> **EXERCISE DESCRIPTION**: Skip the pictures and retype exactly the lines from the one holding "Unlabelled Cello full size Image 2" through the end of the entries.

RECORD SET Block Start

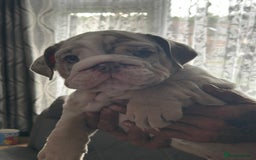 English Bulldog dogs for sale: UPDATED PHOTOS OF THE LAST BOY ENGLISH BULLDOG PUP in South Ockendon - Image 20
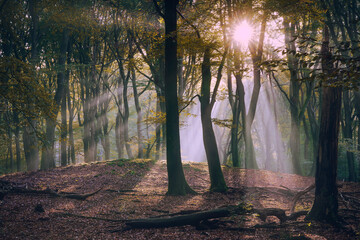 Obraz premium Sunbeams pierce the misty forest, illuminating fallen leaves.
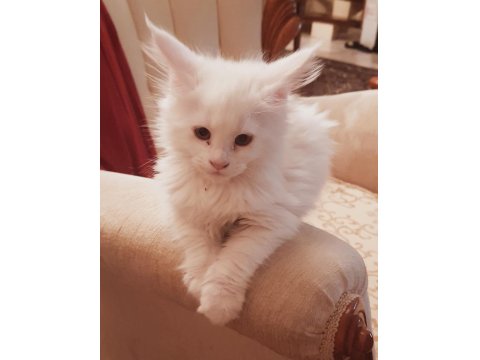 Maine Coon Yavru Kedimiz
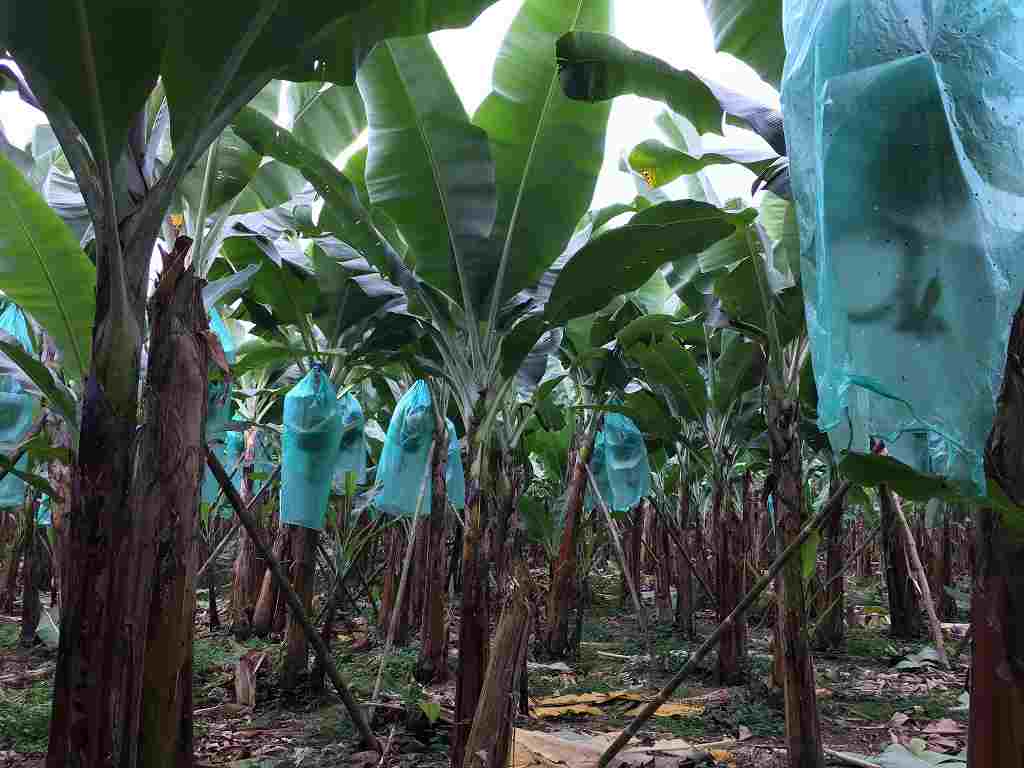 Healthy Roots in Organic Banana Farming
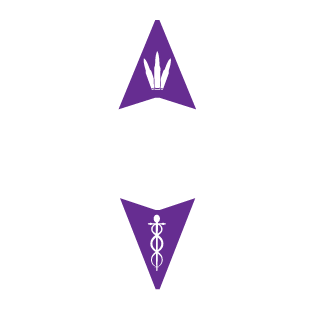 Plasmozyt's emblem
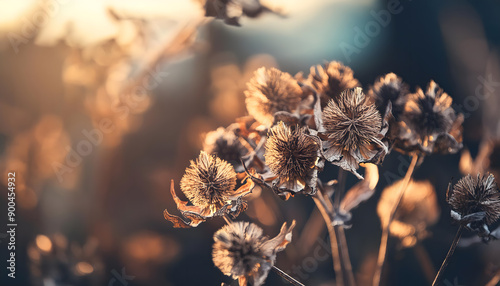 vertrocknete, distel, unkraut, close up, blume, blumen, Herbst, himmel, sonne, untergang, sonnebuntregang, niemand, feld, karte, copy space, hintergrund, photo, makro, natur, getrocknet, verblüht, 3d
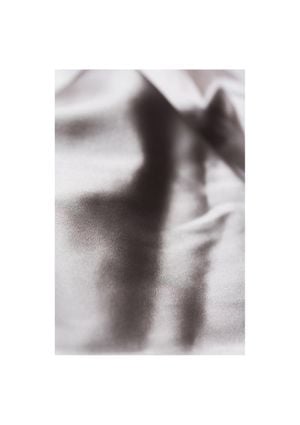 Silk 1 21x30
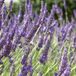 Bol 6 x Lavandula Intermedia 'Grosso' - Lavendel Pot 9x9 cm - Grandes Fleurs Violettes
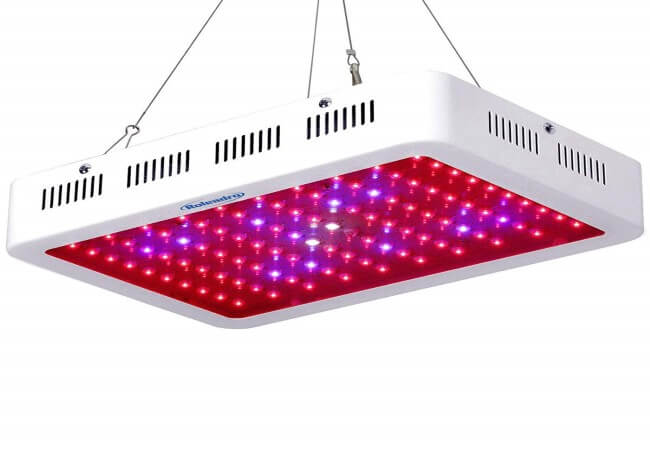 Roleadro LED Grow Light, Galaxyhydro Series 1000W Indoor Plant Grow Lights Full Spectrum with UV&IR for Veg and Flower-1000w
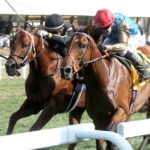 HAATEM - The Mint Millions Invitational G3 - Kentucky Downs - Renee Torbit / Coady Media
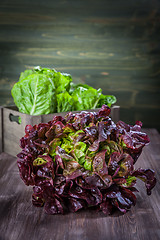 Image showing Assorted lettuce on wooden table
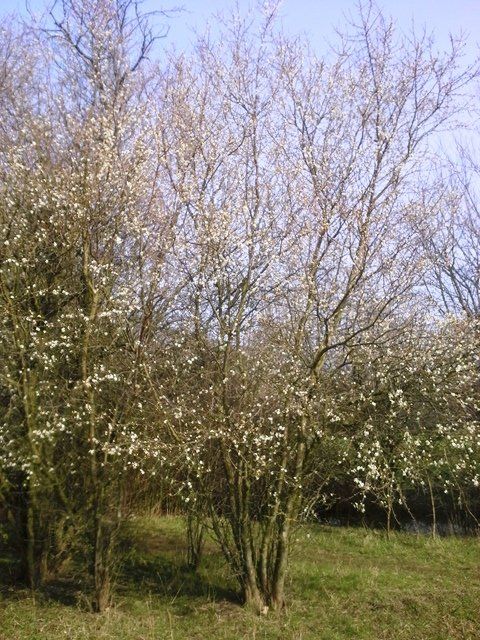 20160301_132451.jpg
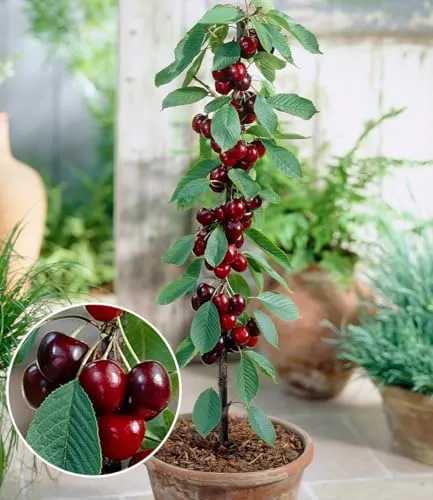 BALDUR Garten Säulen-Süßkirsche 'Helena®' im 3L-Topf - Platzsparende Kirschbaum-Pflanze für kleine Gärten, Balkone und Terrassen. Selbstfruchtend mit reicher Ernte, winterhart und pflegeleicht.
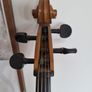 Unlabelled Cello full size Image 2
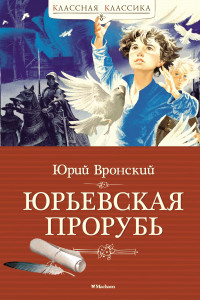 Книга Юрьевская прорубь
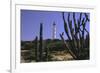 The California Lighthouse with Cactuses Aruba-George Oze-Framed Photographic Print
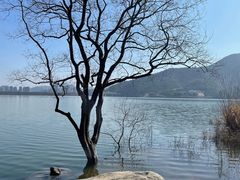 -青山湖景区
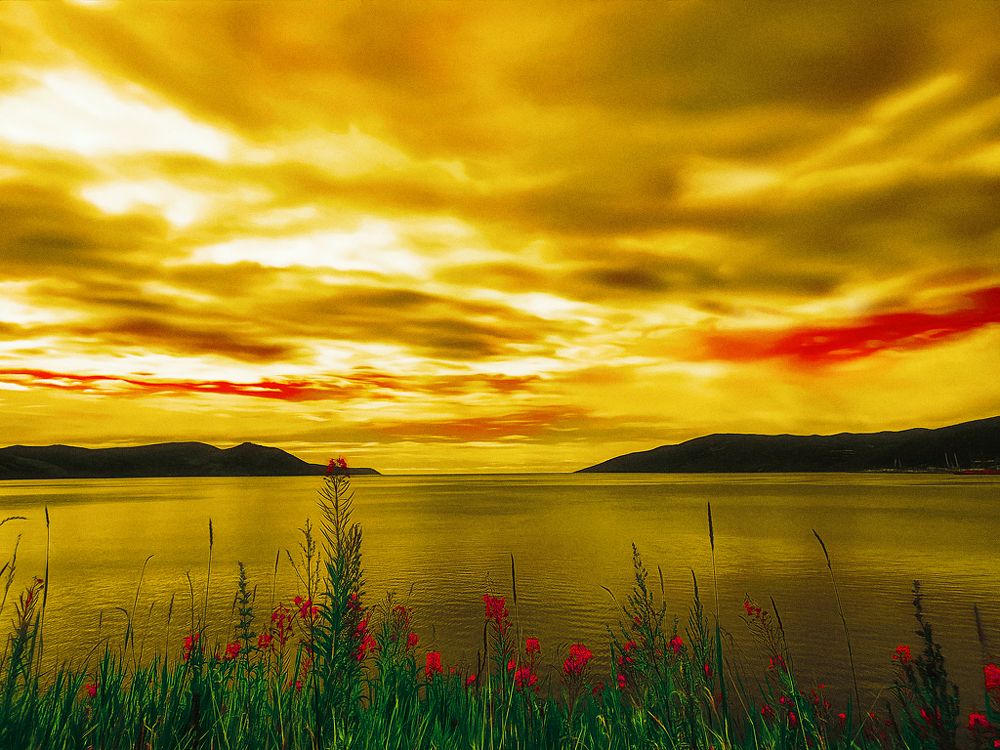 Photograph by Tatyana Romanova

RECORD SET Block End

> **ANSWER SECTION**:
 Unlabelled Cello full size Image 2
 Книга Юрьевская прорубь
 The California Lighthouse with Cactuses Aruba-George Oze-Framed Photographic Print
 -青山湖景区
 Photograph by Tatyana Romanova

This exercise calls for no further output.